Start of Block

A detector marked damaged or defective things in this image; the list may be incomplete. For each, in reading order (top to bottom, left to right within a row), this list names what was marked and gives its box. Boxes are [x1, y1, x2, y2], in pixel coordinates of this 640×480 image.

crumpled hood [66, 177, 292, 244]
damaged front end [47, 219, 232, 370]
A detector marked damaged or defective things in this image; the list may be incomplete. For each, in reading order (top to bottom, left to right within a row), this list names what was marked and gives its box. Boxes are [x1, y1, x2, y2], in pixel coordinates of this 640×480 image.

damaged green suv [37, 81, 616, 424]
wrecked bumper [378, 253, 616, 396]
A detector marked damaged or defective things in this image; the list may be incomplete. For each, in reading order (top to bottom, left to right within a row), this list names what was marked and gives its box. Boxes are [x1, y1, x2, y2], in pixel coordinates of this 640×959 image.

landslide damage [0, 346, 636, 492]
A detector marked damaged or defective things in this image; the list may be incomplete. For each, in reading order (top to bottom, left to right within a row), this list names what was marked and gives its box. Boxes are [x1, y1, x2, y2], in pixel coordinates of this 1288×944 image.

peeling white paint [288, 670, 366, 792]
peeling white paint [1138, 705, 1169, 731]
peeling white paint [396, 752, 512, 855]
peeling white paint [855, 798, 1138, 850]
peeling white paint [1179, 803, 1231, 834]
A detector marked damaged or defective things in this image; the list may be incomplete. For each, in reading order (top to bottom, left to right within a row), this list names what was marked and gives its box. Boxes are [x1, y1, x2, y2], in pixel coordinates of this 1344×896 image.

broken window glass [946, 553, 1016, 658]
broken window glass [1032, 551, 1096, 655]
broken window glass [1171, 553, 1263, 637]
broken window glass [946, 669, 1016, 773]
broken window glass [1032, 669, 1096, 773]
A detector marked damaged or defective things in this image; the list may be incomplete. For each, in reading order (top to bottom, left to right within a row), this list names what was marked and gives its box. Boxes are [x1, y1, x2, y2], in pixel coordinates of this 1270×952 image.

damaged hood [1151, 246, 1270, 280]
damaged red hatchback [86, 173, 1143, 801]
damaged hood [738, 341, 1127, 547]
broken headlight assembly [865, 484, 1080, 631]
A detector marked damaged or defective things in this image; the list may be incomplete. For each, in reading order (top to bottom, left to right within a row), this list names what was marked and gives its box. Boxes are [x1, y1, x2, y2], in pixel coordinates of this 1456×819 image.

End of Block

▶ **Goal of the exercise**: Your task is to output the full set of records exactly as presented.

▶ **Solution to this task**:
A detector marked damaged or defective things in this image; the list may be incomplete. For each, in reading order (top to bottom, left to right within a row), this list names what was marked and gives its box. Boxes are [x1, y1, x2, y2], in pixel coordinates of this 640×480 image.

crumpled hood [66, 177, 292, 244]
damaged front end [47, 219, 232, 370]
A detector marked damaged or defective things in this image; the list may be incomplete. For each, in reading order (top to bottom, left to right within a row), this list names what was marked and gives its box. Boxes are [x1, y1, x2, y2], in pixel coordinates of this 640×480 image.

damaged green suv [37, 81, 616, 424]
wrecked bumper [378, 253, 616, 396]
A detector marked damaged or defective things in this image; the list may be incomplete. For each, in reading order (top to bottom, left to right within a row), this list names what was marked and gives its box. Boxes are [x1, y1, x2, y2], in pixel coordinates of this 640×959 image.

landslide damage [0, 346, 636, 492]
A detector marked damaged or defective things in this image; the list may be incomplete. For each, in reading order (top to bottom, left to right within a row), this list names what was marked and gives its box. Boxes are [x1, y1, x2, y2], in pixel coordinates of this 1288×944 image.

peeling white paint [288, 670, 366, 792]
peeling white paint [1138, 705, 1169, 731]
peeling white paint [396, 752, 512, 855]
peeling white paint [855, 798, 1138, 850]
peeling white paint [1179, 803, 1231, 834]
A detector marked damaged or defective things in this image; the list may be incomplete. For each, in reading order (top to bottom, left to right within a row), this list names what was marked and gives its box. Boxes are [x1, y1, x2, y2], in pixel coordinates of this 1344×896 image.

broken window glass [946, 553, 1016, 658]
broken window glass [1032, 551, 1096, 655]
broken window glass [1171, 553, 1263, 637]
broken window glass [946, 669, 1016, 773]
broken window glass [1032, 669, 1096, 773]
A detector marked damaged or defective things in this image; the list may be incomplete. For each, in reading order (top to bottom, left to right within a row), this list names what was marked and gives its box. Boxes are [x1, y1, x2, y2], in pixel coordinates of this 1270×952 image.

damaged hood [1151, 246, 1270, 280]
damaged red hatchback [86, 173, 1143, 801]
damaged hood [738, 341, 1127, 547]
broken headlight assembly [865, 484, 1080, 631]
A detector marked damaged or defective things in this image; the list may be incomplete. For each, in reading order (top to bottom, left to right within a row), this list names what was marked and gives its box. Boxes are [x1, y1, x2, y2], in pixel coordinates of this 1456×819 image.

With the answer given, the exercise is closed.